All returns are in USD
Macroeconomic developments in the developed world continued to drive the market. In the United States it was also earnings season. The higher-than-expected inflation and retail sales in the US led market participants to downgrade their probabilities of interest rate cuts in the US. This led to the derating of the equity market. The lower-than-expected GDP growth rate did little to convince market participants that a soft landing remains on the cards. The earnings for the big technology companies came in healthy which provided support for the market. The treasuries market remained under pressure throughout the month with 10-year treasury yields rising from 4.201% to 4.681%. This had negative contribution to the performance of the fund.
In Japan, the persistent inflation and weakness in the Yen against other developed market currencies provided support for the Japanese market. In Japanese Yen, the Topix index was only down 0.9%. In Europe, inflation is at 2.4% and GDP growth rate improved from the negative print we saw in the previous quarter. Given that the inflation in Europe is closer to the ECB target level of 2% and the GDP growth rate is weak we expected a rate cut. The ECB held its interest rate level unchanged.
The fund’s performance was negatively impacted by our allocation to bonds which the benchmark does not have.

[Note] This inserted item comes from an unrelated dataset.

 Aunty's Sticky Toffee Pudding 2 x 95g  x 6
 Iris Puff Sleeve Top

Our equity exposure continues to perform as expected with our key themes in cybersecurity and cloud computing taking a breather from the rally in the first few months of the year. Our exposure to Japanese equities contributed positively. European value exposure also had a positive contribution to the performance.

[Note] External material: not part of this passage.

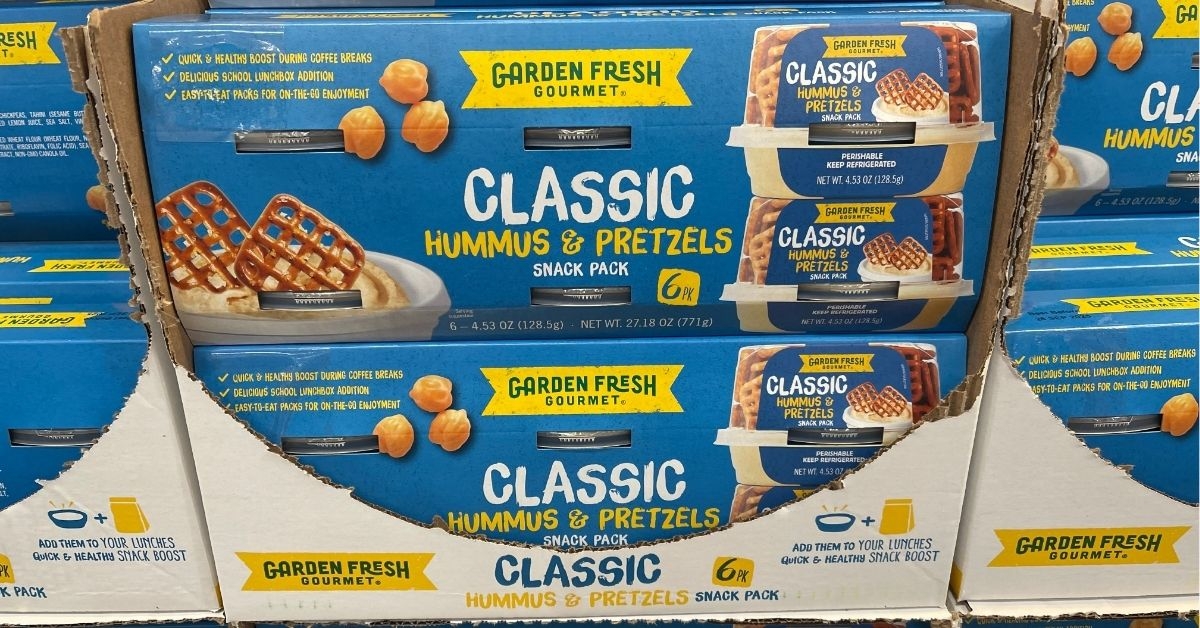 classic hummus and pretzels snack pack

In conclusion, we still think the pause in inflation softening is no cause for concern. We think the market has over-reacted to the pause in US inflation. We are considering tilting our fixed income allocation towards Europe because we think their inflation has fallen at the back of weak fundamentals. As a result, we think lower interest rates Europe will come sooner than in the US. We still think soft landing in the US is on the cards. We therefore maintain a fixed income allocation. We are also still overweight equities, especially US and Japanese equities. US equities continue to be driven by healthy earnings growth and the valuations are reasonable which reduces the risk of derating. In Japan, the weak Yen supports exporters, and the Japanese persistent inflation supports wage growth and costs pass through by companies which will help companies maintain healthy earnings growth.